::: Supplied material :::

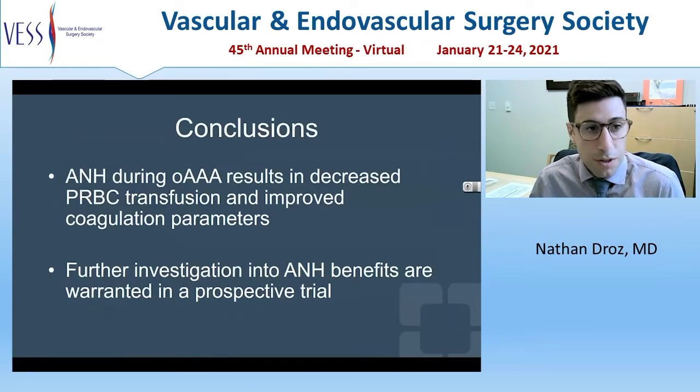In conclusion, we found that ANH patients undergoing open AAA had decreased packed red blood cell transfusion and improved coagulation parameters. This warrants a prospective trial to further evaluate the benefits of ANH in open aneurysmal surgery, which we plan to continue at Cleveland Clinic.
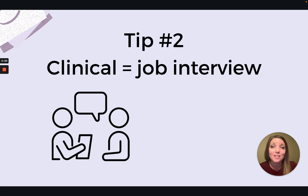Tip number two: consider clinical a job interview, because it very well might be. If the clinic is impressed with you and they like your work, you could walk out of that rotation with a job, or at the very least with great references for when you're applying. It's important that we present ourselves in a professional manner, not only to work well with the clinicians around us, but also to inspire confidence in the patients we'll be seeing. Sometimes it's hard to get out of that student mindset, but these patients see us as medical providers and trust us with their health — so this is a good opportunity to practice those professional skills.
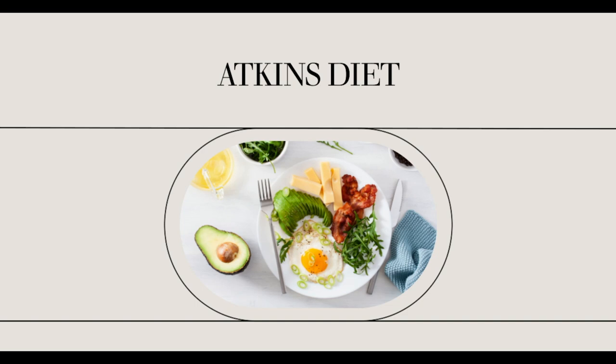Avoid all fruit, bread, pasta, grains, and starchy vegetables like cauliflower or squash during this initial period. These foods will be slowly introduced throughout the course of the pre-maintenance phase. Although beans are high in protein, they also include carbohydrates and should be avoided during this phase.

:::

> **How to complete this task**
Return all the data exactly, and keep the pictures out.

> **Result below**
In conclusion, we found that ANH patients undergoing open AAA had decreased packed red blood cell transfusion and improved coagulation parameters. This warrants a prospective trial to further evaluate the benefits of ANH in open aneurysmal surgery, which we plan to continue at Cleveland Clinic.
Tip number two: consider clinical a job interview, because it very well might be. If the clinic is impressed with you and they like your work, you could walk out of that rotation with a job, or at the very least with great references for when you're applying. It's important that we present ourselves in a professional manner, not only to work well with the clinicians around us, but also to inspire confidence in the patients we'll be seeing. Sometimes it's hard to get out of that student mindset, but these patients see us as medical providers and trust us with their health — so this is a good opportunity to practice those professional skills.
Avoid all fruit, bread, pasta, grains, and starchy vegetables like cauliflower or squash during this initial period. These foods will be slowly introduced throughout the course of the pre-maintenance phase. Although beans are high in protein, they also include carbohydrates and should be avoided during this phase.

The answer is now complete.